The high dependence on air shipments indicates a potential risk of negative growth because air transport is the most expensive mode. Overuse of air shipments increases operational cost and reduces overall profitability.
In addition, the presence of a large number of “Unknown” shipment records reflects poor data management, which can lead to wrong business decisions and inefficiencies in logistics planning.

#### Chart - 2

In [None]:
# Chart - 2 visualization code
plt.figure(figsize=(6,4))
ax = sns.countplot(x='delivery_status', data=df)
plt.title("Distribution of Delivery Status")
plt.xlabel("Delivery Status")
plt.ylabel("Number of Shipments")

# Show count on each bar
for bar in ax.patches:
    ax.text(bar.get_x() + bar.get_width()/2,
            bar.get_height(),
            int(bar.get_height()),
            ha='center', va='bottom')

plt.show()


##### 1. Why did you pick the specific chart?

This chart was selected to understand how many shipments are delivered on time versus how many are delayed. It directly shows the overall delivery performance of FedEx.

##### 2. What is/are the insight(s) found from the chart?

* A very large number of shipments (9138) are delivered on time or early.

* A smaller but important number of shipments (1186) are delayed.

* This shows that although FedEx performs well overall, delays still affect a noticeable portion of shipments.

##### 3. Will the gained insights help creating a positive business impact?
Are there any insights that lead to negative growth? Justify with specific reason.

**Positive Business Impact**

This insight will help create a positive business impact.
Since the majority of shipments are delivered on time or early, FedEx can study the successful delivery patterns and replicate them for delayed shipments. This can improve customer satisfaction and strengthen trust in FedEx services.

**Negative Business Impact**

The presence of 1186 delayed shipments indicates potential negative growth. Delayed deliveries can lead to customer complaints, loss of future business, and increased operational cost such as re-routing, customer support, and compensation. If these delays are not controlled, they can harm FedEx’s reputation and profitability.

#### Chart - 3

In [None]:
# Chart 3: Distribution of Vendor INCO Terms

try:
    plt.figure(figsize=(10,5))
    ax = sns.countplot(x='vendor_inco_term', data=df)
    plt.title("Distribution of Vendor INCO Terms")
    plt.xlabel("Vendor INCO Term")
    plt.ylabel("Number of Shipments")
    plt.xticks(rotation=45)

    # Print count on each bar
    for bar in ax.patches:
        ax.text(bar.get_x() + bar.get_width()/2,
                bar.get_height(),
                int(bar.get_height()),
                ha='center', va='bottom')

    plt.show()

except Exception as e:
    print("Error while generating Chart 3:", str(e))
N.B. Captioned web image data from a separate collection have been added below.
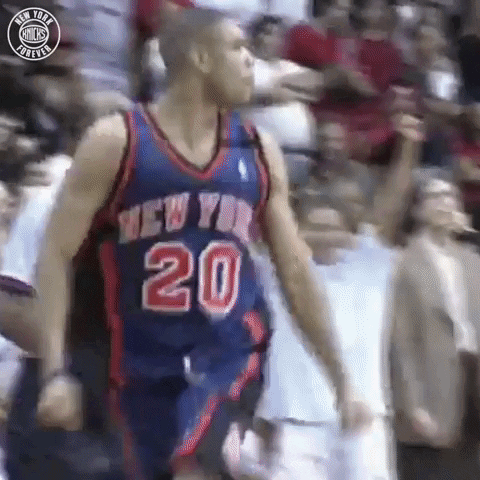 A Basketball Player In A New York Knicks Jersey Is Standing In Front Of A Crowd . GIF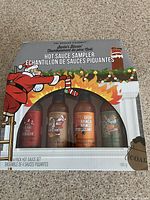 Front view of the box showing 4 bottles of hot sauce with Santa illustration and fire graphics.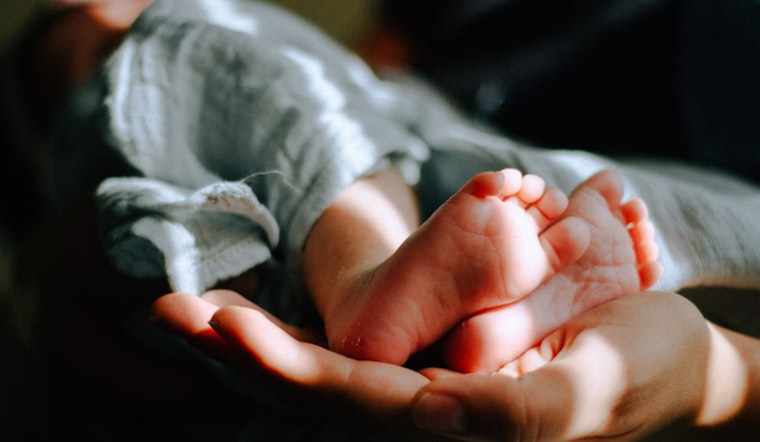 Newborn Found Next to Donation Box in Houston; Mother Hospitalized, Investigation Underway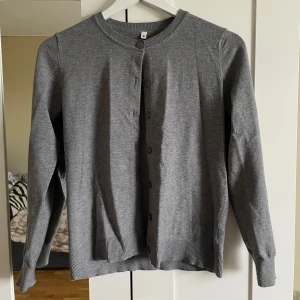 Grå kofta med knappar - En klassisk grå kofta med rund hals och knäppning framtill. Tröjan har långa ärmar och ribbade muddar vid ärmslut och nederkant. Perfekt att slänga på sig över en t-shirt eller blus, jätte fin och skön💘😚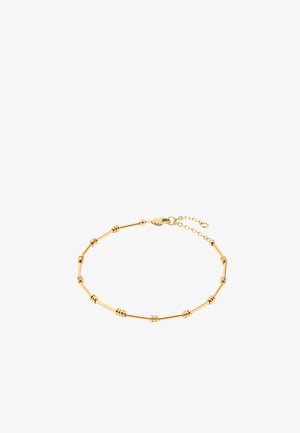 Bransoletka w odcieniu złota z cylindrycznymi i pierścieniowymi ogniwami, wyposażona w zapięcie typu lobster oraz regulowane przedłużenie łańcuszka.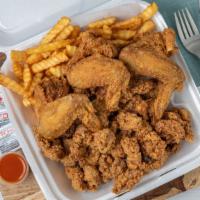 Wings & Gizzards · Cooked wing of a chicken coated in sauce or seasoning. an organ commonly found in birds and ...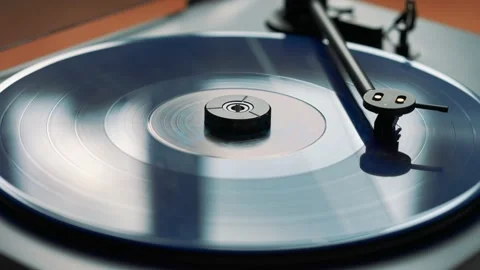 Blue vinyl record spinning and playing music on a black gramophone Stock Footage 220356789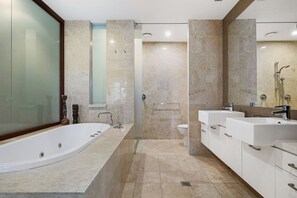 Een moderne badkamer met een ruime badkuip, twee wastafels en een douche.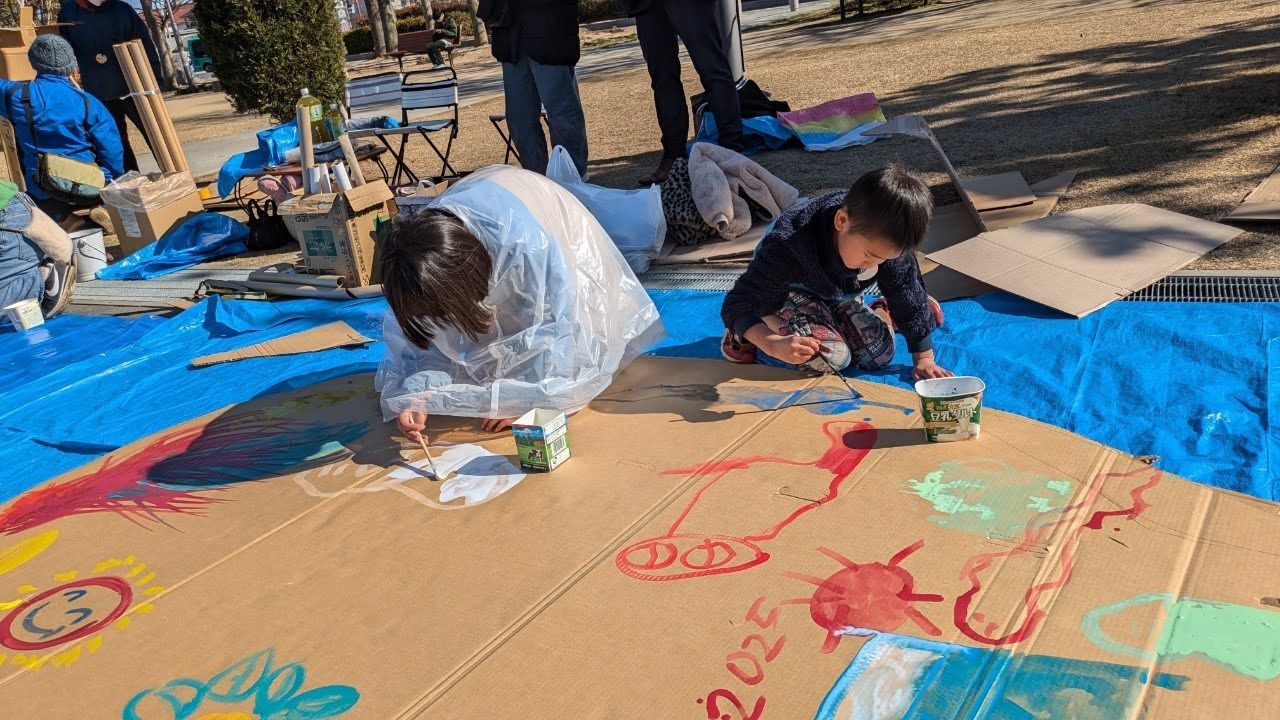 屋外に広げた大きな段ボールに、親子で絵の具を使って絵を描く様子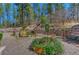 Beautifully landscaped garden area with a serene waterfall feature at 1410 Old Sequoia Ct, Franktown, CO 80116
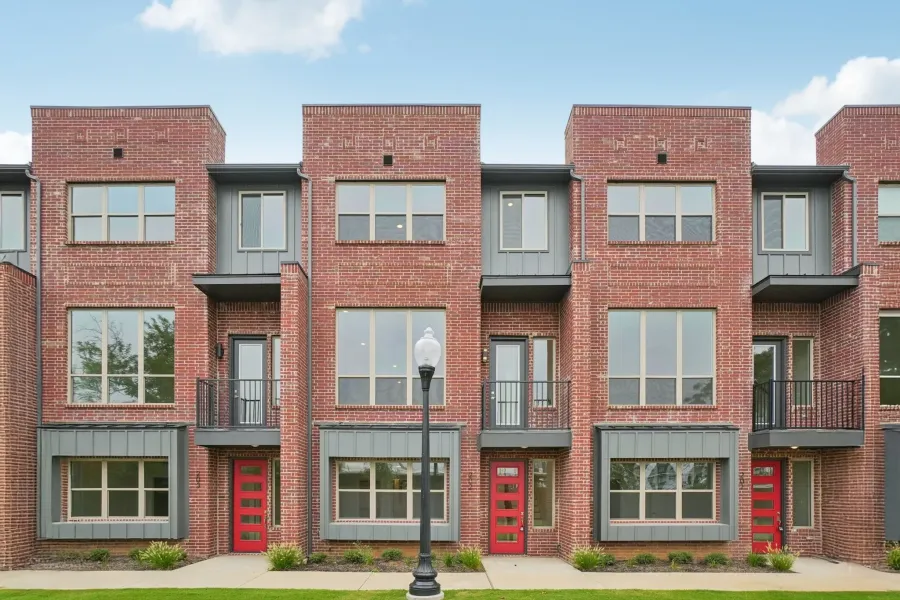 View of front of home featuring board and batten siding, a balcony, brick siding, and a residential view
##### 1. Why did you pick the specific chart?

This chart was chosen to understand which INCO terms are most commonly used by vendors. INCO terms define responsibility for shipping, cost, and risk, so knowing their distribution is important for analyzing delivery performance and cost behavior.

##### 2. What is/are the insight(s) found from the chart?
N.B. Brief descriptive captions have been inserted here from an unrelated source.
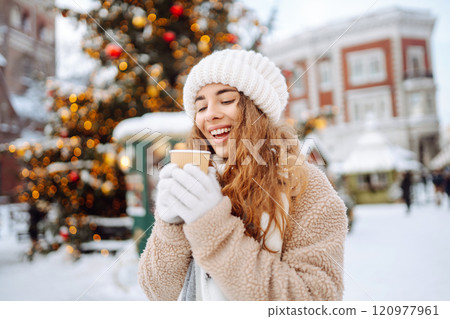 A young woman drinks a hot drink at a Christmas market decorated with festive lights in the evening. 120977961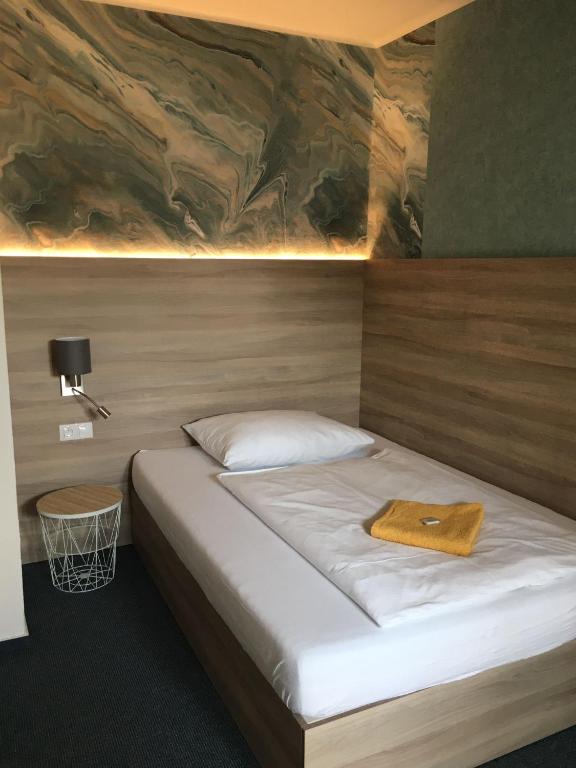 Postel nebo postele na pokoji v ubytování Hotel Trim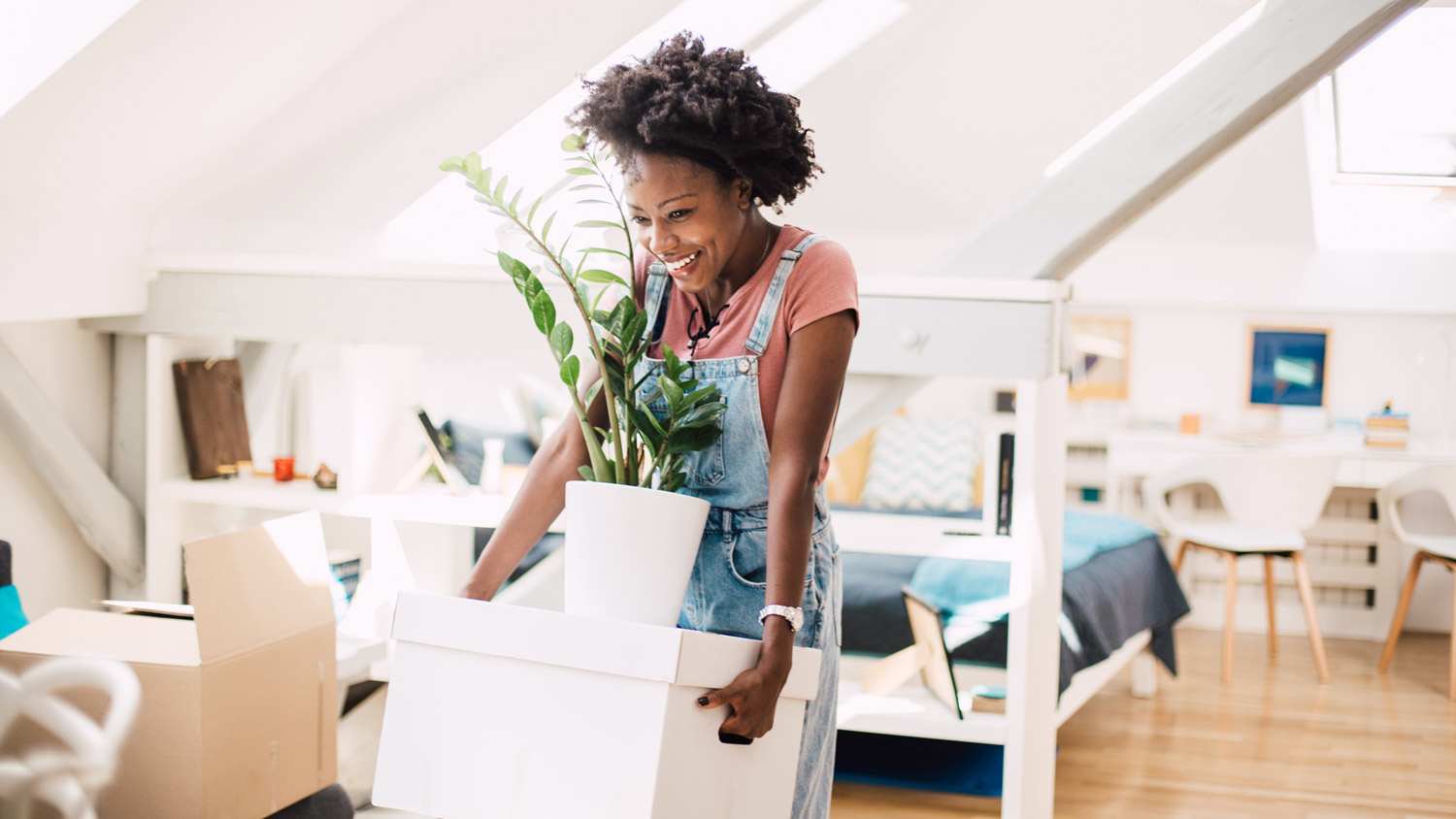 A happy woman holding a box and a plant moving in her new apartment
* The most used INCO term is “n/a – from rdc” (5404 shipments).

* EXW (2778) is the second most common term, where buyers bear most transportation risk.

* DDP (1443) is also widely used, where sellers take responsibility for delivery.

* Terms like DDU (15), CIF (3) and DAP (9) are used very rarely, showing limited adoption.

##### 3. Will the gained insights help creating a positive business impact?
Are there any insights that lead to negative growth? Justify with specific reason.

Yes, these insights can help create a positive business impact by showing that FedEx relies heavily on a few INCO terms. This allows the company to focus on optimizing vendor performance under EXW, DDP, and RDC-based shipments.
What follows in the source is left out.